Our STAGE1 was the Developers Test servers: Production servers where 100’s developers where testing on, so if impacted it would be annoying and hinder productivity, but no end customer impact. So the required MTTR wasn’t too high.

Then Stage 2 and 3 were the production environment and the DR environment respectively.
The point is that you build up trust into that version v1.2.3 until you’re happy it goes everywhere. If it fails to meet your standard at some point, you try to ‘shift left’ (bring test and feeback earlier in the process for next deployments), and create v.1.2.4, an start the process again. NEVER jump the pipeline.

6. Continually Improve

Bear in mind, that the key questions for how to divide those stages are: - what will help me trust that change? - what is the risk of failure vs impact potential for that stage? - how can I go as fast as possible with the above limitations?

And your answer to those questions will evolve over time as your pipeline and configuration evolve, and you gain in visibility as to what’s happening to your infrastructure.

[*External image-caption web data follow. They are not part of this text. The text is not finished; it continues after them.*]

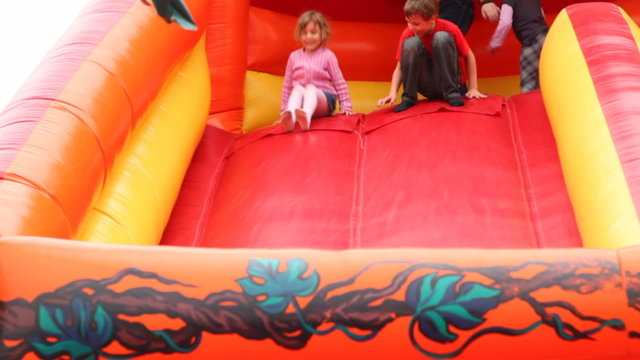 boy and girl drive off with inflatable rubber slides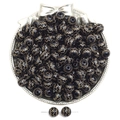 Detailed macro of black acrylic beads with gold pattern in a silver jewelry tray - Wave Pattern Style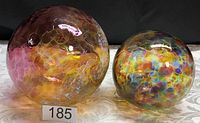 Photo showing a large and medium hand blown glass witch's balls with iridescent finishes in honeycomb and mottled patterns.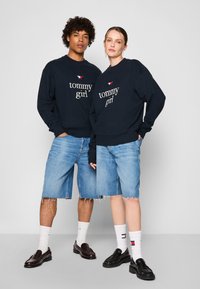 Marineblå sweatshirts med "tommy girl" logo, parret med lyse denimshorts med frynset nederkant og sorte loafers. Hvide sokker med logoer.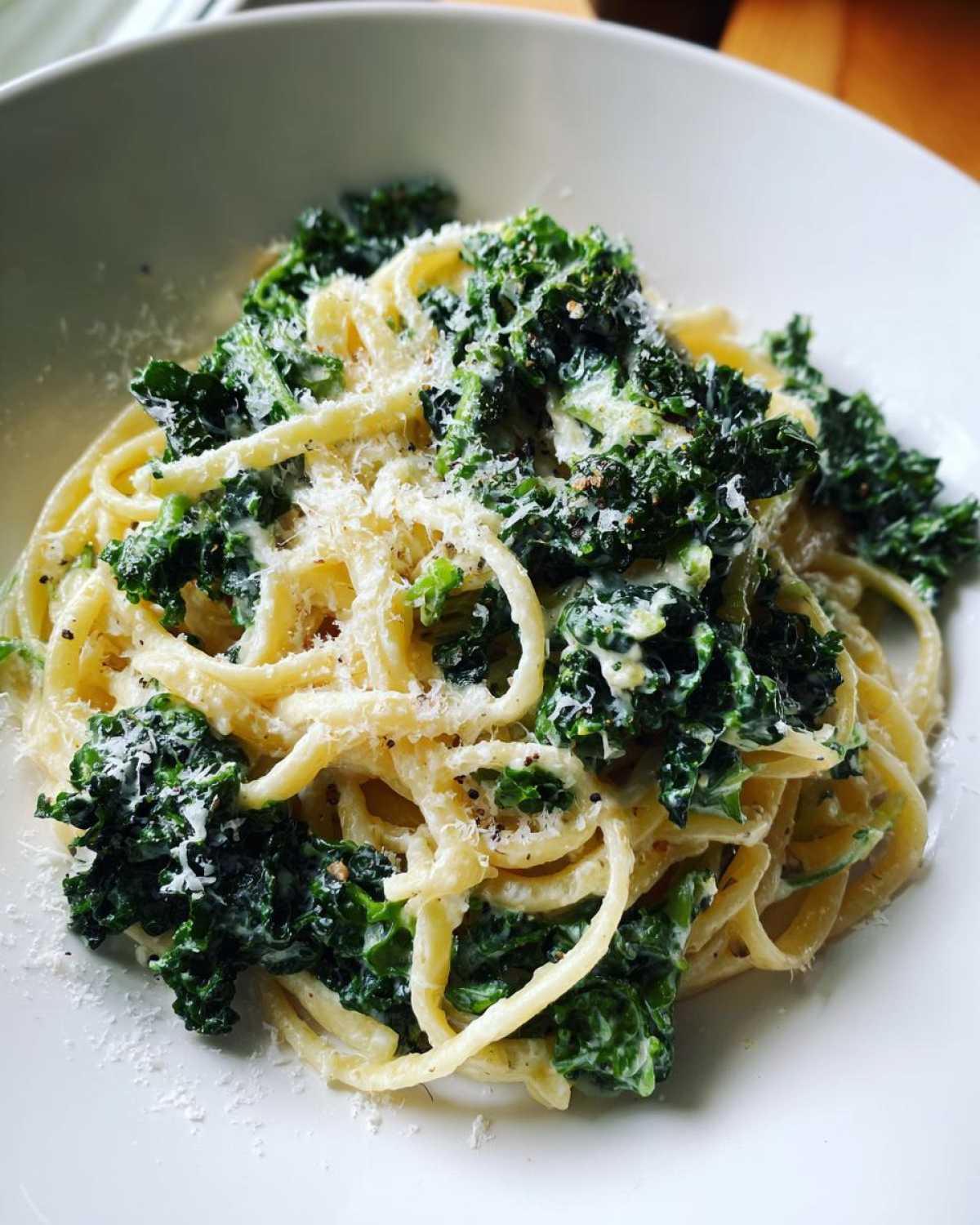 Zbliżenie na makaron z jarmużem w sosie śmietanowym, posypany startym parmezanem i świeżo zmielonym pieprzem.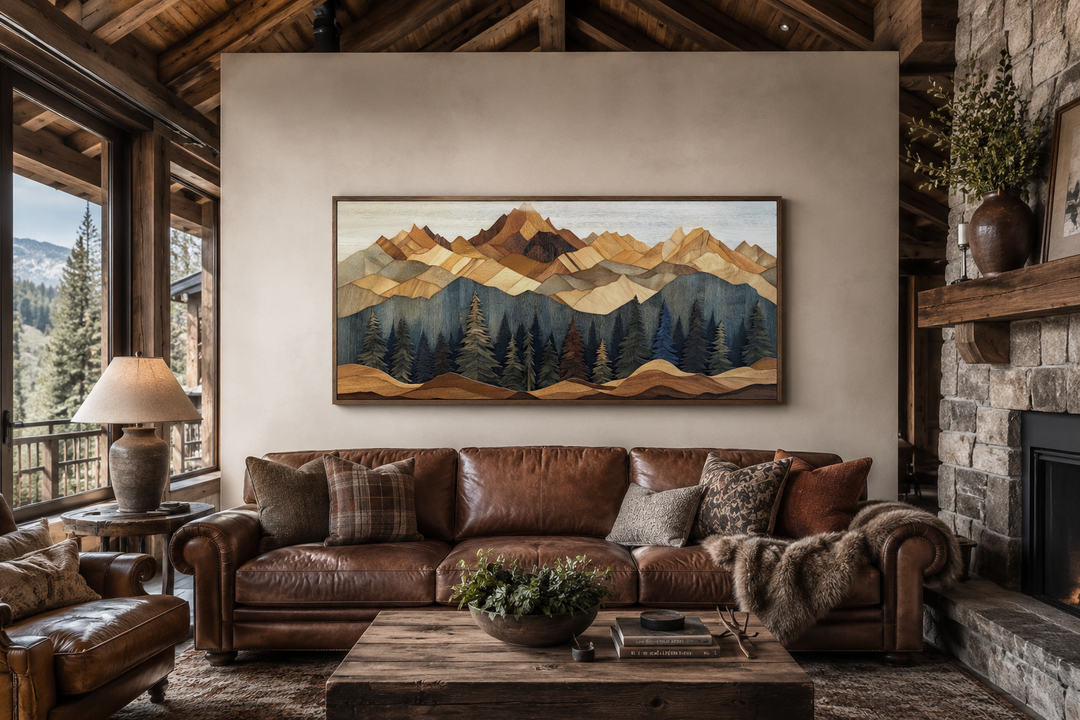 Wooden mountain and pine tree framed canvas wall art above a leather sofa in a rustic cabin living room.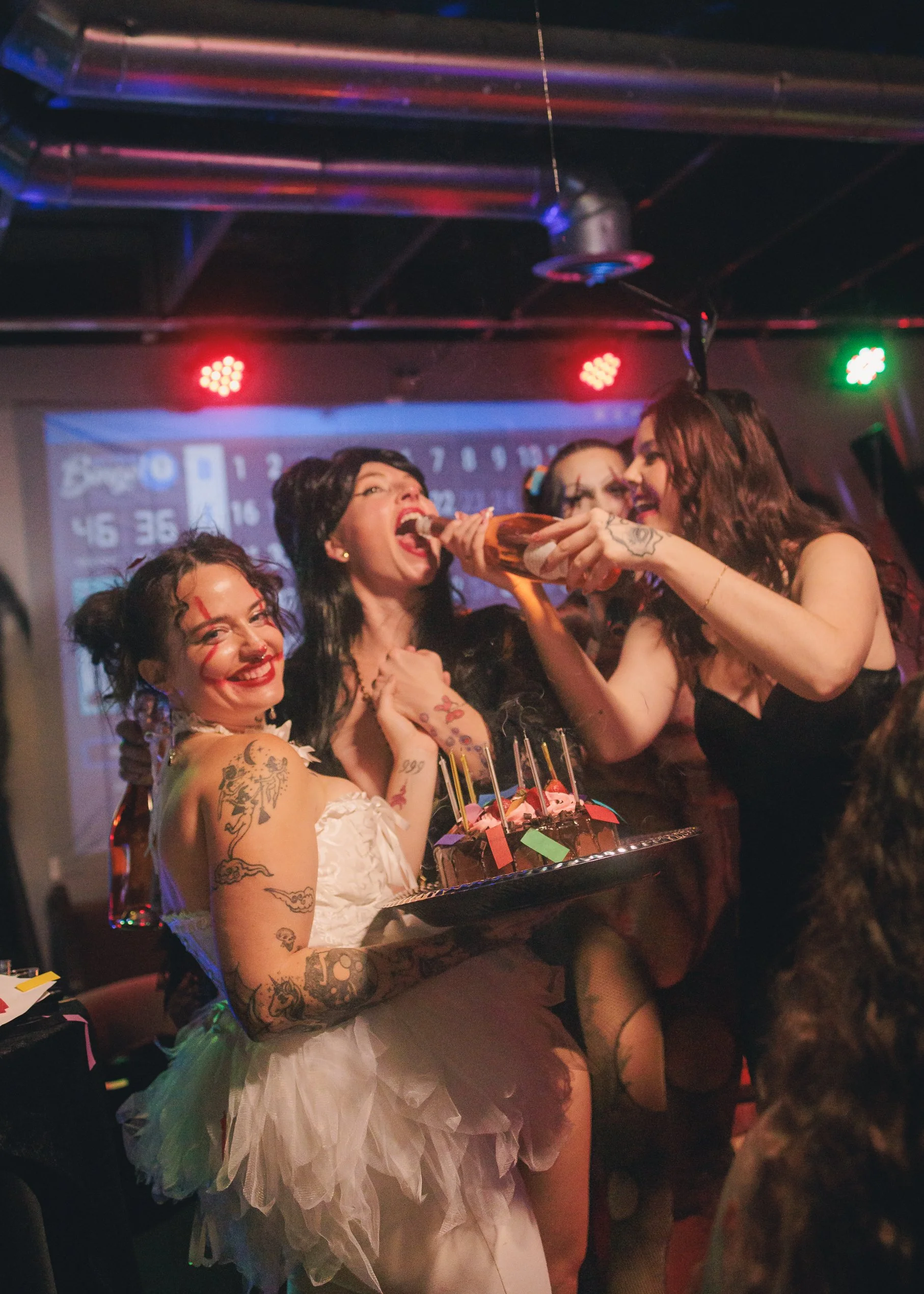 A group of women celebrating at a party, with one woman in a white dress holding a cake with candles, while others take a shot from a bottle. The scene is lively with colorful lighting and a background with polka dots and random objects.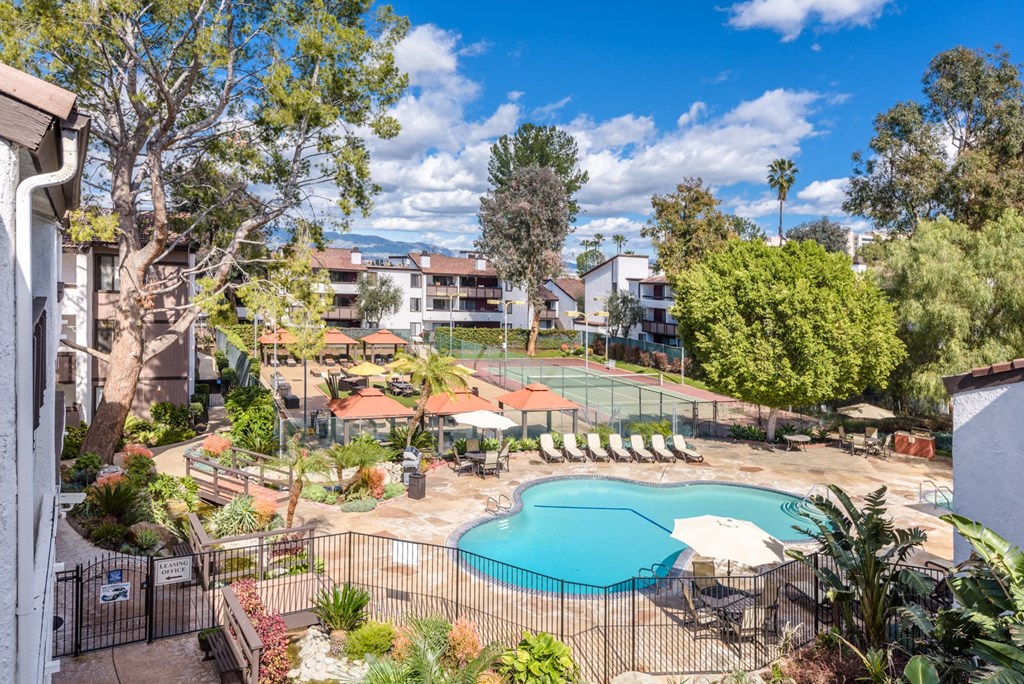 Fusion Warner Center apartments pool surrounded by black iron safety fencing next to tennis courts and courtyard with cabanas and lounge chairs.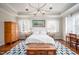 Comfortable main bedroom with hardwood floors, a blue patterned rug, and soft natural light at 260 Culbreth Rd, Chapel Hill, NC 27516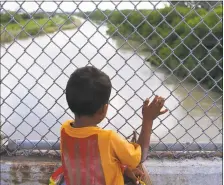  ?? Mark Mulligan / Houston Chronicle ?? Fiveyearol­d Jesus Bindel Rodriguez, from Honduras, waits on the Mexican side of the middle of the Brownsvill­e & Matamoros Express Internatio­nal Bridge for the fourth day in a row hoping for his family to be able to pass together into the United States to seek asylum last year in Brownsvill­e, Texas. Jesus, along with his parents and three siblings, was hoping to escape violent threats against the family in their hometown in Honduras.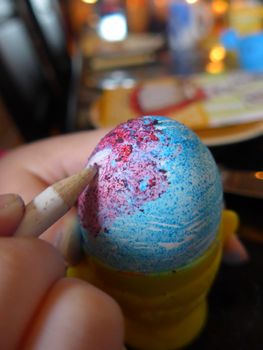kid drawing on an Easter egg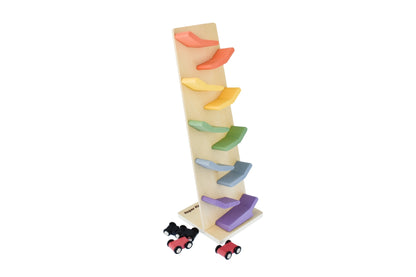 Colorful wooden car tower with rolling cars, ideal for imaginative play at home.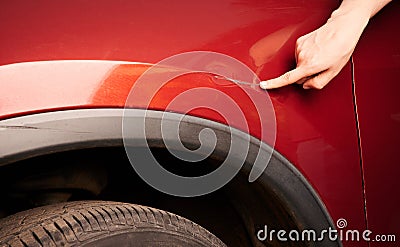 Hand pointing at dent on red car Stock Photo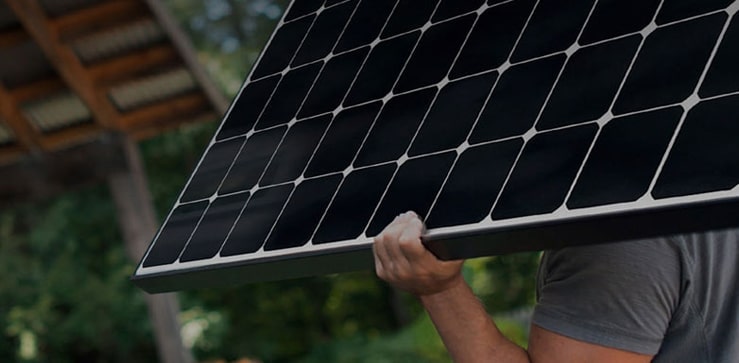 Ein Installateur tr?gt ein LG Solarmodul auf der Schulter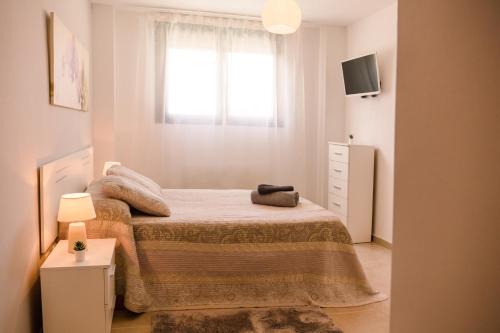 Habitación pequeña con cama y ventana en Apartamento Moderno, en Valladolid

You will start fairly small, managing maybe a single role with very limited features, and a slow release cadence. Then will need to go faster and grow bigger at the same time.

Good luck!

Thanks for taking the time with that reply. Lots of good insight in there.

 

That is an excellent response Gael. It really deserves to be an article rather than a forum post, to make it easier for people to find. Thanks for sharing :slight_smile: